Data Alignment, Aggregation and Vectorisation (DAAV) BB – Design Document – Prometheus-X Components & Services

Data Alignment, Aggregation and Vectorisation (DAAV) BB – Design Document

Data Alignment, Aggregation and Vectorisation (DAAV) BB – Design Document

The DAAV building block purpose is to setup data manipulation pipeline to create new dataset by :

combining data from various source
filtering them to create subset
converting them from one format to another
calculating new data

Examples of data manipulation

The project is divided in two modules :

The front-end offers a user interface to connect various data sources (Prometheus Data Connector, databases, files, API), visualize them and manipulate them (alignment, aggregation and vectorisation). The data manipulation use a visual programming system to create data manipulation pipelines by connecting blocks. Basic roles / organisations / users managment is available.
The back-end provides API to manage front-end actions, to execute the data manipulation and to expose data.

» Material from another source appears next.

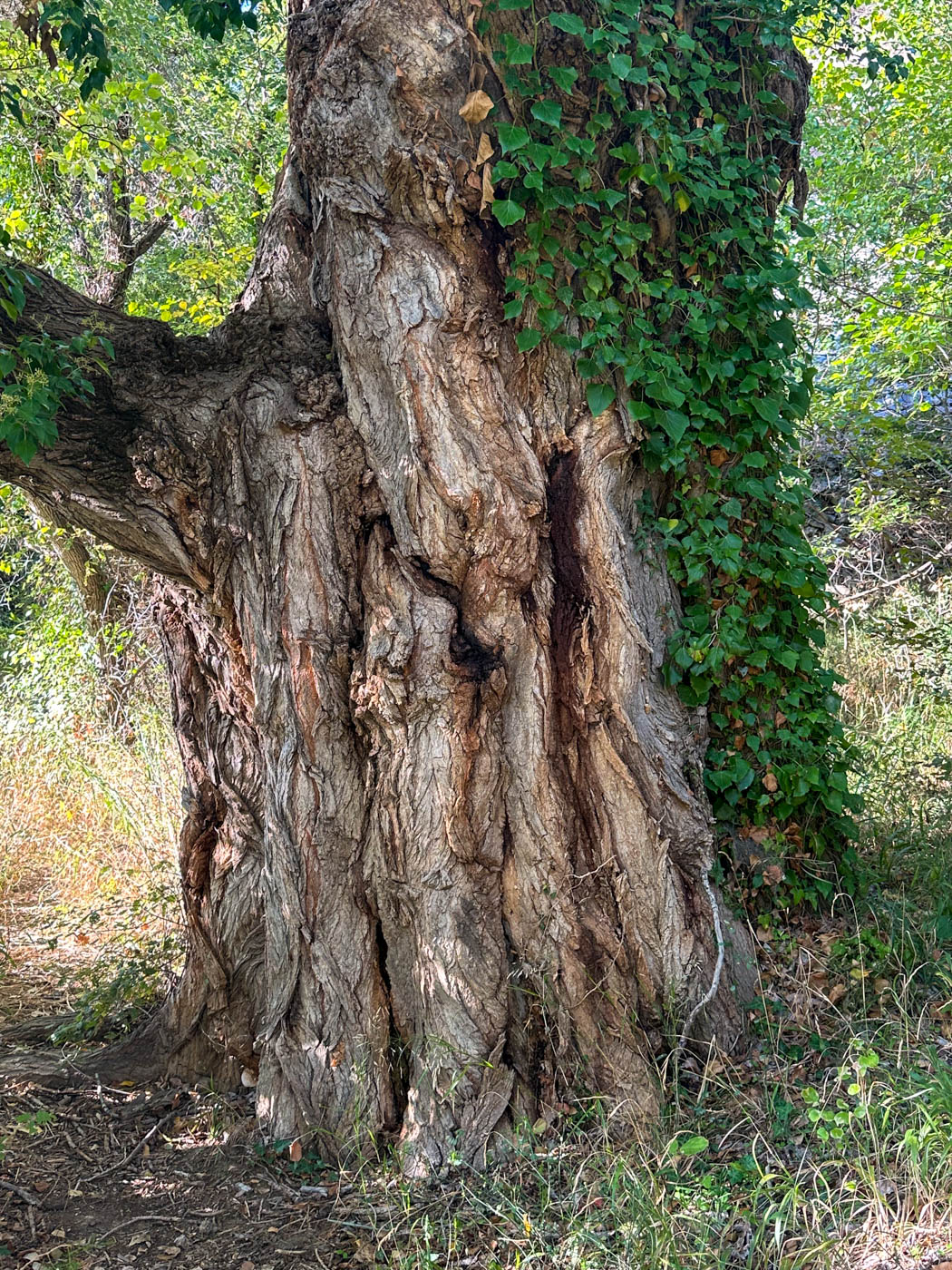 Alter Baum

Blocks are divided in three groups :

Input block : Each block represent a dataset from Prometheus dataspace or external source.
Transform block : Can manipulate and transform data.
Output block : Can store the result and/or expose the new dataset on Prometheus dataspace.

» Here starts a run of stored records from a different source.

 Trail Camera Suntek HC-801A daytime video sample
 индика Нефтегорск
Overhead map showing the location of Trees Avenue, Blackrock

Technical usage scenarios & Features

The first main objective of this building block is to reduce entry barriers for data providers and ai services clients by simplifying the handling of heterogeneous data and conversion to standard or service-specific formats.

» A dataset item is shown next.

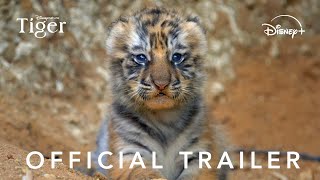 Tiger | Official Trailer | Disney+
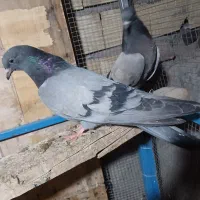 سبز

The second main objective is to simplify and optimize data management and analysis in complex environments.

Features/main functionalities

Create a connector from any input data model to any output model. Examples :

xApi custom model to xApi standardized model
Research datasets (Mnist, commonvoice, etc…) to custom vector
Custom skills framework to any framework
Subset of main dataset

Create a aggregator from different data sources :

link pseudonymised data with identification data for customer followup
mix data of various subcontractors for global overview

Receive pushed data from PDC.

Tools to describe and explore datasets.

Expert system and AI automatic data alignment.

Technical usage scenarios

Creation of a new dataset from different sources
1. Aggregation of data from multiple sources ensuring data compatibility and standardization.This is useful for data analysts who often work with fragmented datasets.
2. Providing mechanism to transform and standardize data formats, such as converting xAPI data to a standardized xAPI format.
3. Merging datasets with different competency frameworks to create a unified model.
4. Optimize data manipulation and freshness based on user’s needs.
Give access to specific data based on user rights (contracts and organisation roles)
1. Paul is CMO and wants to follow KPIs on each products of his entreprise. He was access to specific data prepared by his IT team
2. Arsen is fullstack developper and wants to verify integrity of data generated by his code. He configures his own data to this purpose.
3. Christophe is an AI developer and wants to prepare his data for training. He create pipelines with continuous integration.
4. Fatim is a data analyst and has been given access to a dataset to calculate specific metrics : mean, quantile, min, max, etc.
Manage inputs and outputs for others building blocks or AI services.
1. Prepare data for Distributed Data Visualization.
2. Prepare input and receive (and store) output for Data Veracity and Edge translators.
3. Create subsets of a main dataset to test performance of an AI service on each set.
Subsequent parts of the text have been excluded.